---- DATA EXTRACT

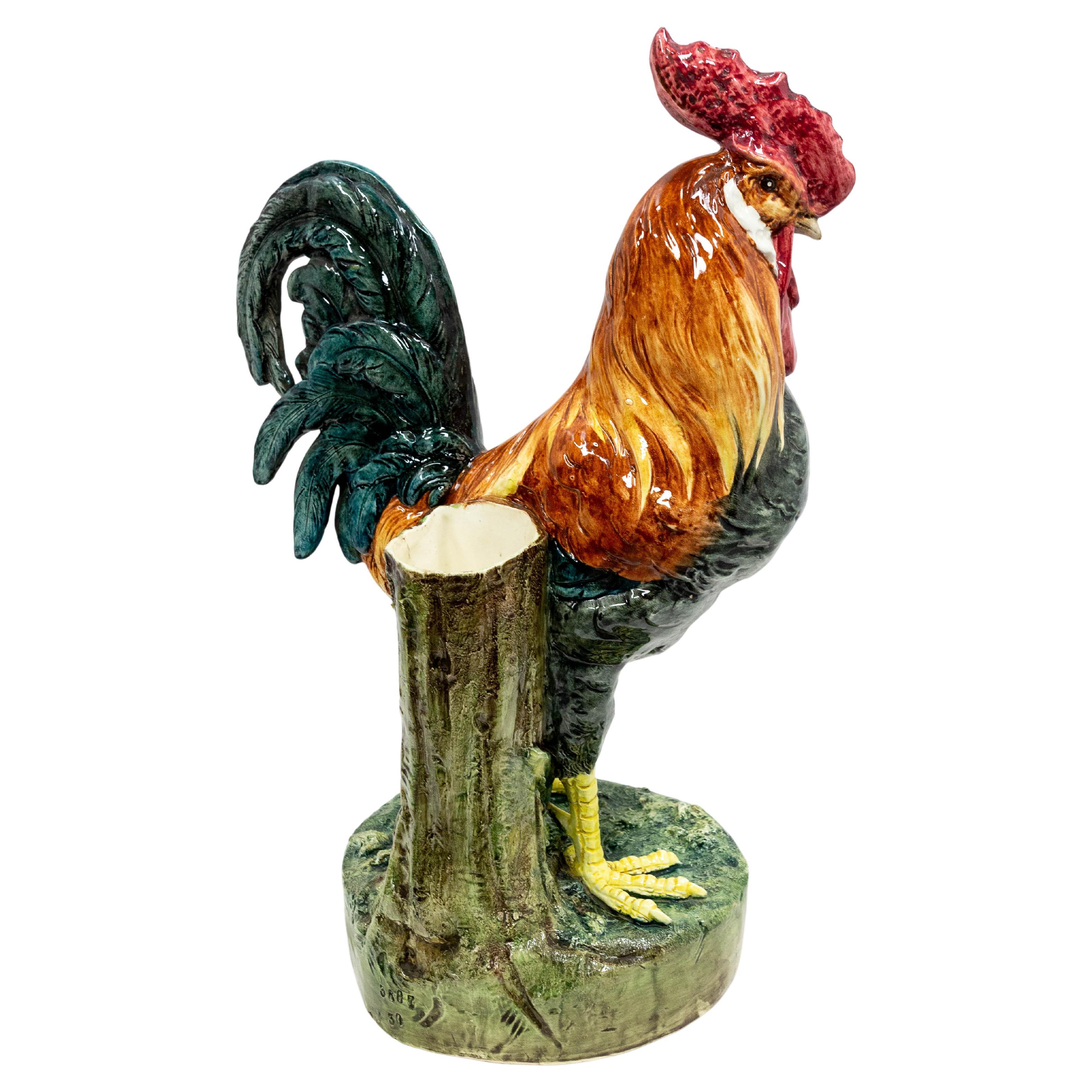 Barbotine en céramique française représentant un coq contre une souche d'arbre qui sert de vase. 
Fabriqué vers 1890

Bon état, très peu de marques d'utilisation.

Expédition :
23 / 35 / 51  cm  4.3 kg.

--------

ABOUT THIS EXERCISE: Copy verbatim the span of lines that begins with the line holding "Fabriqué vers 1890" and ends at the last line of the records.

TASK SOLUTION:
Fabriqué vers 1890

Bon état, très peu de marques d'utilisation.

Expédition :
23 / 35 / 51  cm  4.3 kg.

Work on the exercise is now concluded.